Kamis 10 Oct 2024 14:44 WIB

Tanaman Lokal Solusi Hadapi Perubahan Iklim

Memanfaatkan sumber pangan lokal sangat penting di tengah perubahan iklim.

Rep: Lintar Satria / Red: Satria K Yudha
Petani mencangkul tanah untuk ditanam umbi-umbian di Curugbitung, Lebak, Banten, Sabtu (14/8/2021).
Foto: Antara/Muhammad Bagus Khoirunas
Petani mencangkul tanah untuk ditanam umbi-umbian di Curugbitung, Lebak, Banten, Sabtu (14/8/2021).

REPUBLIKA.CO.ID, JAKARTA -- Diversifikasi pangan dinilai salah solusi adaptasi perubahan iklim. Direktur Ketuhanan Yang Maha Esa dan Masyarakat Adat Kementerian Pendidikan, Kebudayaan, Riset, dan Teknologi (Kemendikbudristek), Sjamsul Hadi menjelaskan perubahan iklim, termasuk pergeseran musim tanam dan cuaca ekstrem, telah menyebabkan gangguan serius pada tanaman, terutama padi.

"Panas yang ekstrem membuat daun-daun muda kering dan layu," kata Sjamsul di Forum Bumi II: Bagaimana Masa Depan Ketahanan dan Keanekaragaman Pangan Indonesia, Kamis (10/10/2024).

Hal ini memerlukan penyesuaian waktu tanam dan panen untuk mencegah kegagalan produksi pangan, terutama di desa-desa yang mengandalkan pertanian sebagai sumber utama pangan.
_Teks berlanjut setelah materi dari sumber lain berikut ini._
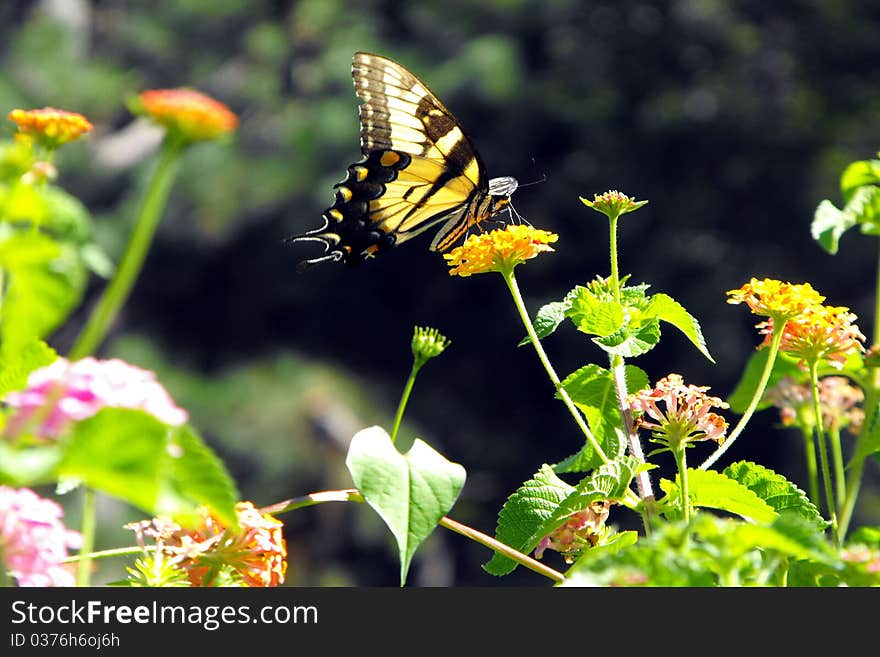 Eastern Tiger Swallowtail Butterfly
Sjamsul menyoroti tanaman lokal seperti umbi-umbian dan kacang-kacangan memiliki ketahanan yang lebih baik terhadap perubahan iklim dibandingkan dengan tanaman seperti padi. "Tanaman lokal seperti umbi dan kacang-kacangan lebih tahan terhadap perubahan iklim," ujarnya.
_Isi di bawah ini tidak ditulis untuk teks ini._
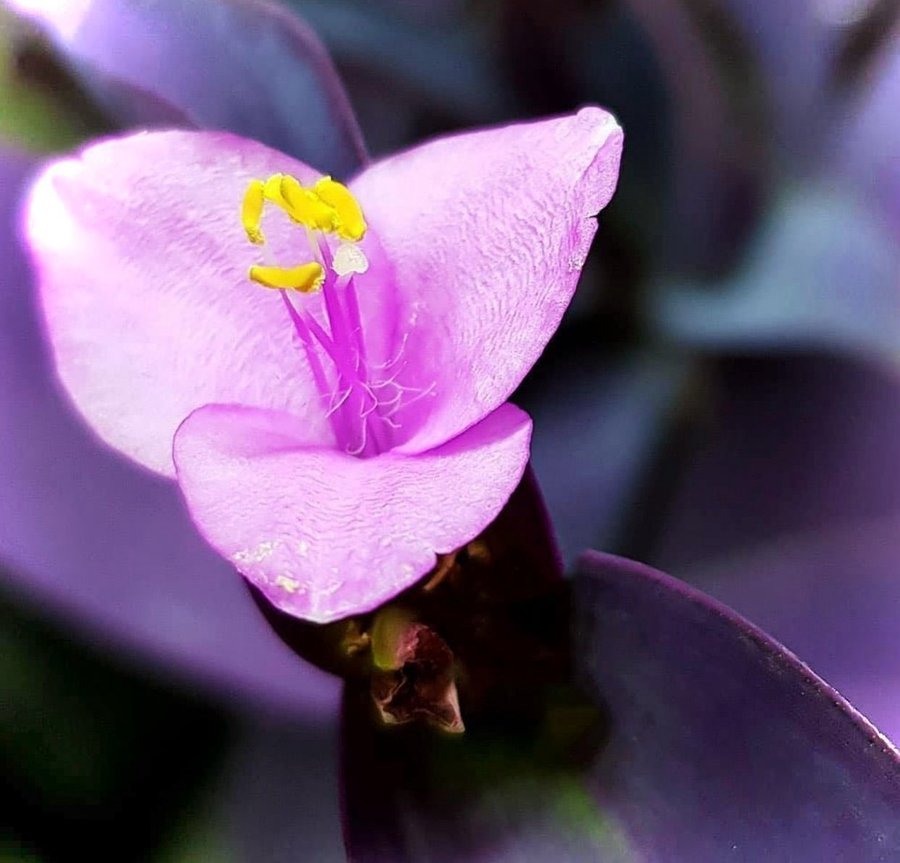 Tradescantia Purpurblad stickling rotad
Berbeda dengan padi yang memerlukan air dalam jumlah banyak dan memiliki masa panen yang terbatas, tanaman lokal memiliki fleksibilitas waktu panen dan dapat bertahan lebih lama dalam kondisi tanah yang kering.

Ia juga menekankan pentingnya masyarakat desa kembali menanam tanaman lokal di sekitar rumah sebagai alternatif pangan apabila terjadi kegagalan panen pada padi. "Jika padi gagal panen, kita masih punya umbi-umbian, jagung, dan kacang-kacangan sebagai alternatif," tambahnya.

Selain itu, pengolahan hasil tanaman lokal juga dapat dimaksimalkan. "Misalnya beras jagung atau ketela pohon yang bisa diolah menjadi beras. Masyarakat sebenarnya sudah memiliki pengetahuan ini, tinggal bagaimana kita menyadarkan kembali pentingnya penanaman tanaman lokal sebagai antisipasi perubahan iklim," jelas Sjamsul.

Menurut Sjamsul, masyarakat adat di berbagai daerah di Indonesia sebenarnya sudah memiliki pengetahuan terkait tanaman lokal yang diwariskan turun-temurun. Namun, pengetahuan ini perlu diingatkan kembali agar masyarakat lebih siap menghadapi kondisi gagal panen akibat perubahan iklim.

"Kita tidak sedang mengembalikan, tapi menyadarkan masyarakat untuk kembali menggunakan kearifan lokal. Jika terjadi gagal panen, mereka masih bisa memanfaatkan sumber pangan alternatif yang ada di sekitar rumah atau kebun," katanya.

Ia mencontohkan, di Jawa dan Sumatra, praktik menanam tanaman lokal sudah ada sejak lama, namun dalam beberapa dekade terakhir, ketergantungan pada beras meningkat. Oleh karena itu, Sjamsul menekankan pentingnya meningkatkan kesadaran masyarakat bahwa tanaman lokal seperti umbi-umbian lebih tahan terhadap perubahan iklim, dan masa panennya lebih fleksibel.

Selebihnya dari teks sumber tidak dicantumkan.